BEGIN Data for this exercise

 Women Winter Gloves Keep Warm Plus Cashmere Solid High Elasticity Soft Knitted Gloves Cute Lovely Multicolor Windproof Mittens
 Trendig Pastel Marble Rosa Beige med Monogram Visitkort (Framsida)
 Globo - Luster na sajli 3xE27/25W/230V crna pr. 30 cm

END Data for this exercise
BEGIN Data for this exercise

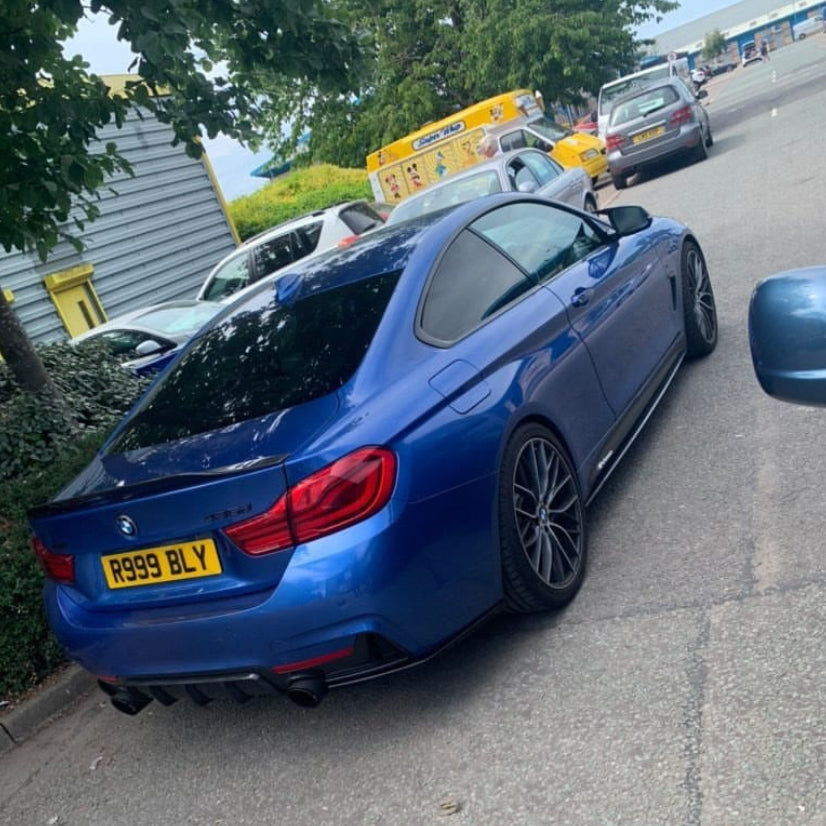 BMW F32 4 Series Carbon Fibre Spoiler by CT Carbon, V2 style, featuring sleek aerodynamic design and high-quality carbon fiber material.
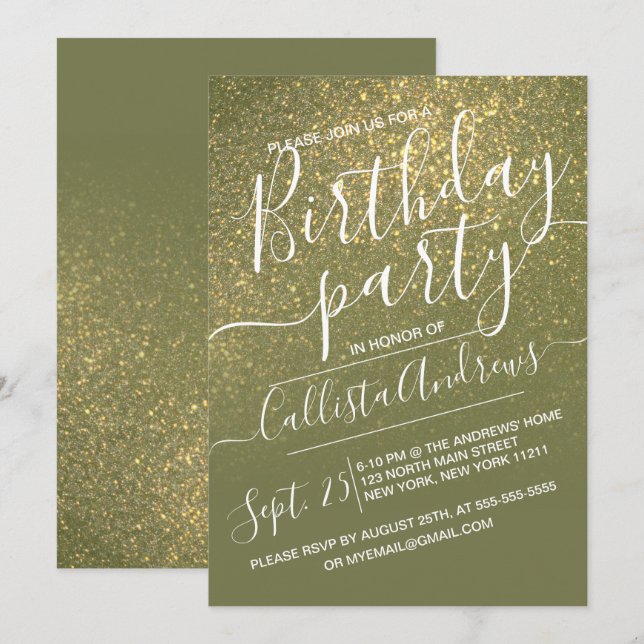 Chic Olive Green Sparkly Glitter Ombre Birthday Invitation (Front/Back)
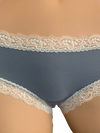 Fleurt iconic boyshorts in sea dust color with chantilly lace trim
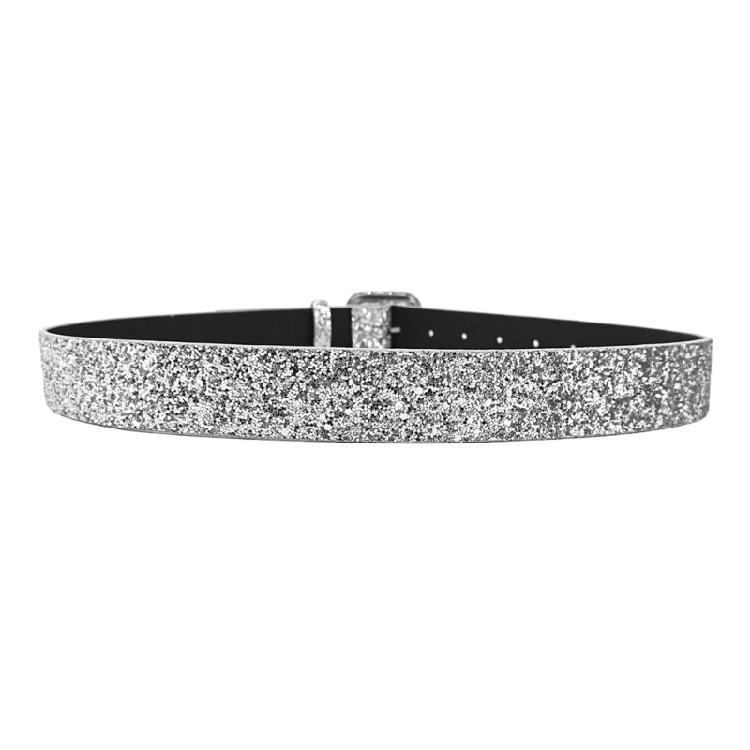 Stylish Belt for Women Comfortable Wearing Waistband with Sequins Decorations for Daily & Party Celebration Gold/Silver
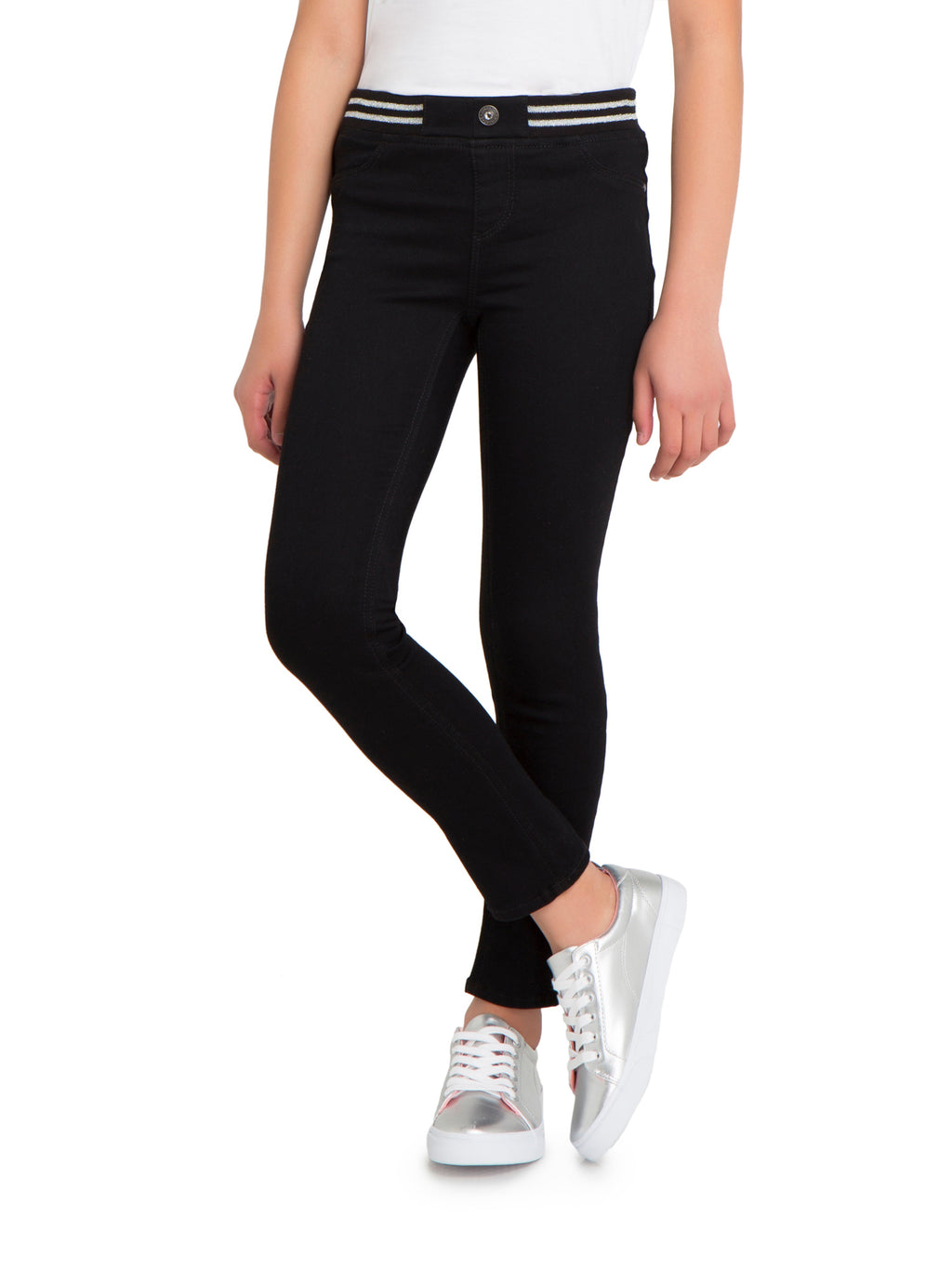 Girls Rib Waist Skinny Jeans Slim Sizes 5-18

END Data for this exercise
BEGIN Data for this exercise

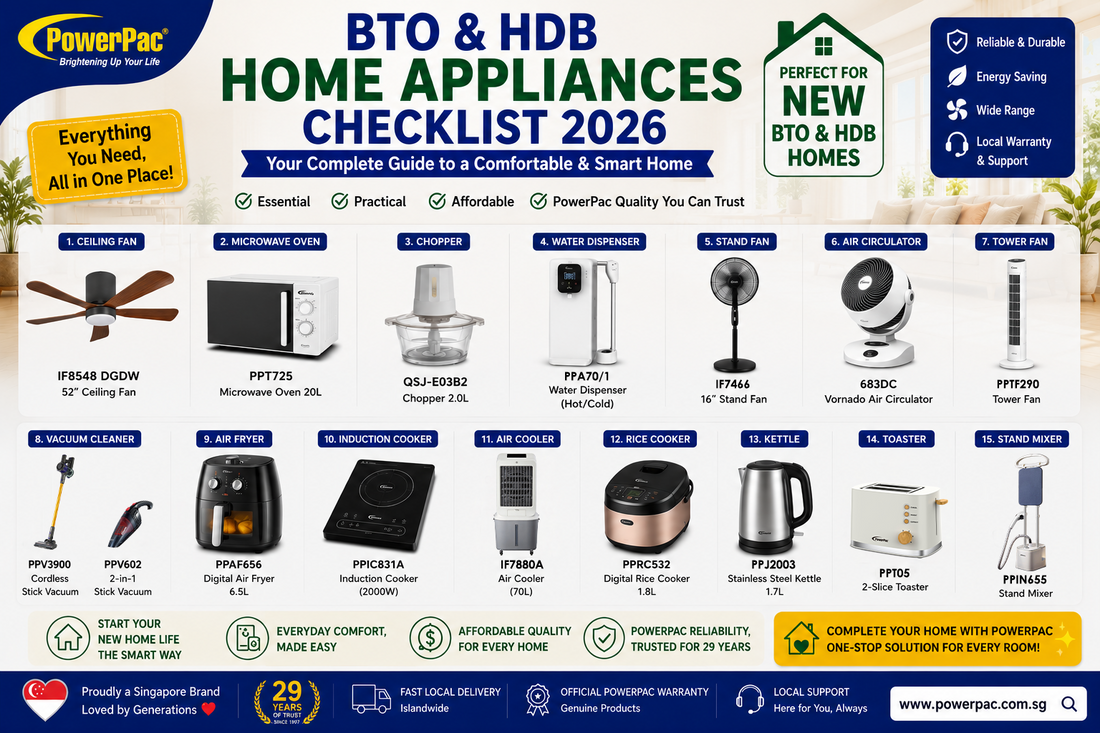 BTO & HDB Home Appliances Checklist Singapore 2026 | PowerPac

END Data for this exercise

Exercise description:
Produce only the lines from the line containing "Trendig Pastel Marble" through the line containing "Globo - Luster", inclusive of both, exactly as they stand in the entries above.

Result of this exercise:
 Trendig Pastel Marble Rosa Beige med Monogram Visitkort (Framsida)
 Globo - Luster na sajli 3xE27/25W/230V crna pr. 30 cm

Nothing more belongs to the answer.